---- INFORMATION SHOWN

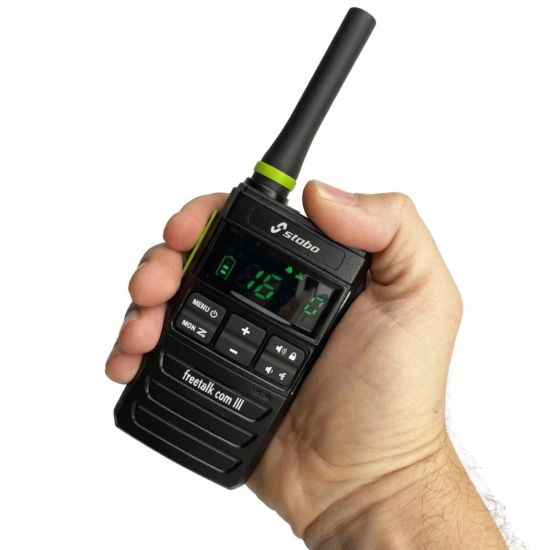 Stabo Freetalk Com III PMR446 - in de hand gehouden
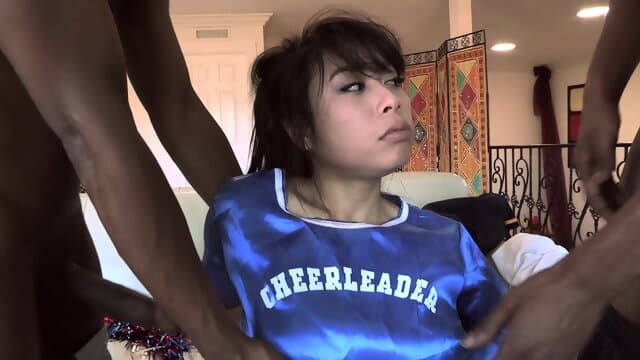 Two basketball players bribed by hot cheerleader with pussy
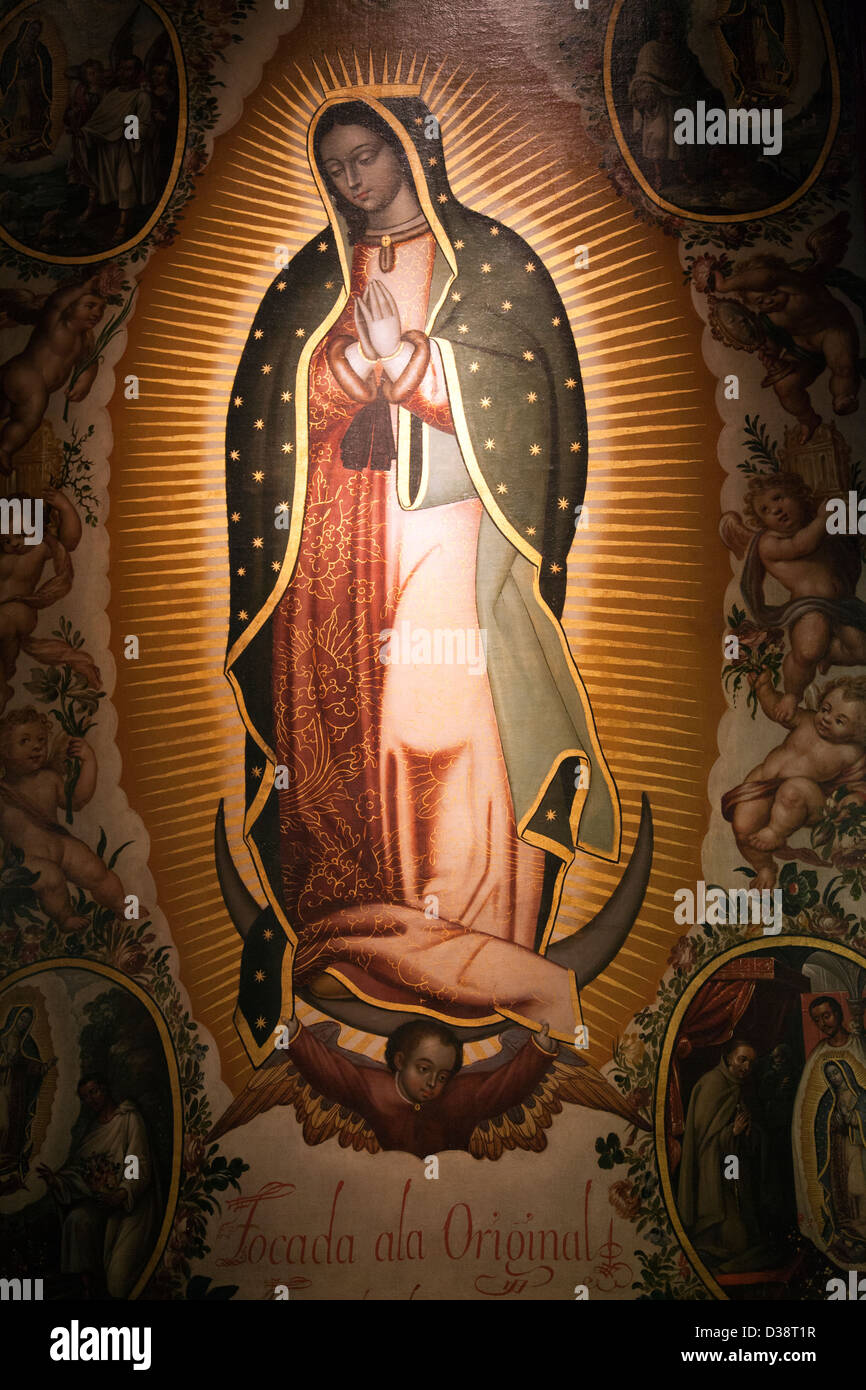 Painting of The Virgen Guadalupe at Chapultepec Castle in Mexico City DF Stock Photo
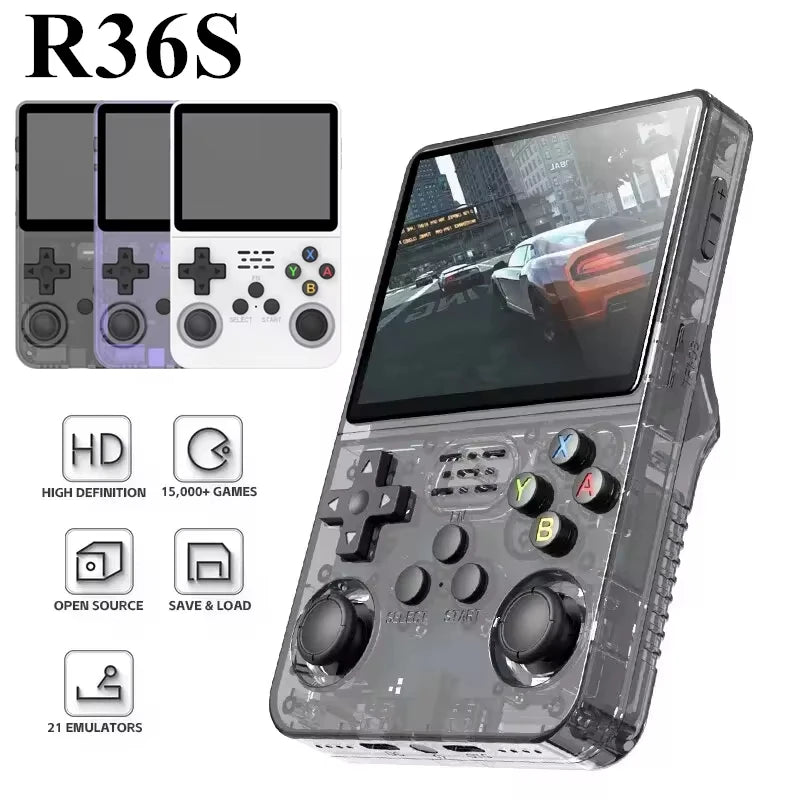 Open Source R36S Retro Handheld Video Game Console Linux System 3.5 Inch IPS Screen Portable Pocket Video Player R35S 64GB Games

--------

● WHAT THE TASK REQUIRES: Copy, without the pictures, exactly the lines from the line with "Two basketball players" through the end of the material above, both ends included.

● TASK RESPONSE:
 Two basketball players bribed by hot cheerleader with pussy
 Painting of The Virgen Guadalupe at Chapultepec Castle in Mexico City DF Stock Photo
 Open Source R36S Retro Handheld Video Game Console Linux System 3.5 Inch IPS Screen Portable Pocket Video Player R35S 64GB Games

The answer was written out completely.